Esse tipo de compreensão traz uma consequência importante, qual seja, a expectativa de que “o texto de Marx é, em si mesmo, incompreensível e, na melhor das hipóteses, acessível somente à filologia especializada de Marx” (BACKHAUS, 1997, p. 70 – destaque meu). Assim, a ênfase nos erros da tradição marxista vinculada a Engels e o destaque à reconstrução filológica do núcleo da crítica da economia política denotam um pressuposto fundamental: a existência de um discurso correto e coerente no texto marxiano, como já indicado, acessível somente a especialistas.
Ora, este é justamente o principal objeto da Segunda parte, que tem início destacando como as teorias marxistas do valor possuem uma “afinidade estrutural” com as teorias subjetivas do valor. E qual seria essa afinidade? Segundo Backhaus, ambas ignoram a conexão entre forma-valor e dinheiro e, portanto, constituem “teorias pré-monetárias do valor” em que “a indiferença à teoria monetária e à forma não-dialética do desenvolvimento conceitual são basicamente apenas dois aspectos da mesma coisa” (BACKHAUS, 1997, p. 93). É a partir deste momento que Backhaus passa a enfatizar o caráter monetário da teoria marxiana do valor, no preciso sentido de que a crítica da economia política deveria ser entendida como uma crítica a todas as abordagens pré- monetárias (BACKHAUS, 1997, p. 94). Daí a retomada do argumento de que o “núcleo racional” da teoria marxista do valor seria uma “variante determinada da teoria do valor dos ricardianos de esquerda” (BACKHAUS, 1997, p. 94).

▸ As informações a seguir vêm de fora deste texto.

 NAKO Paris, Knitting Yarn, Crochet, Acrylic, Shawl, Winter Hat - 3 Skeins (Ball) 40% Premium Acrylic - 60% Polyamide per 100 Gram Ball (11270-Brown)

Backhaus procura justificar esse argumento salientando que a “função do valor” teria sido reduzida à mera regulação da relação de troca entre mercadorias. Consequentemente, “para a apresentação do conceito de valor, parece ser completamente irrelevante se os valores são expressos como preços monetários e se a troca é mediada pelo dinheiro ou não” (BACKHAUS, 1997, p. 95). Assim, ainda que os adeptos da teoria da “produção simples de mercadorias” façam uso de conceitos dialéticos, Backhaus não vê nisso mais do que uma mera “construção verbalmente dialética” (BACKHAUS, 1997, p. 97) que substitui a derivação conceitual do dinheiro por uma hipótese histórica acerca de seu surgimento.
Daí sua insistência na tese de que o material histórico só poderia ser compreendido e ordenado pela lógica. Mas não só, já que o autor chega a dizer que “se as interpretações de Engels fossem seguidas, as montanhas da dialética de Marx teriam dado à luz a nada mais do que um rato” (BACKHAUS, 1997, p. 112 – destaque meu)[14]. Portanto, não chega a ser surpreendente a suspeita levantada por Backhaus de que Engels possivelmente não tenha compreendido adequadamente o sentido da exposição dialética marxiana das categorias da crítica da economia política (BACKHAUS, 1997, p. 113).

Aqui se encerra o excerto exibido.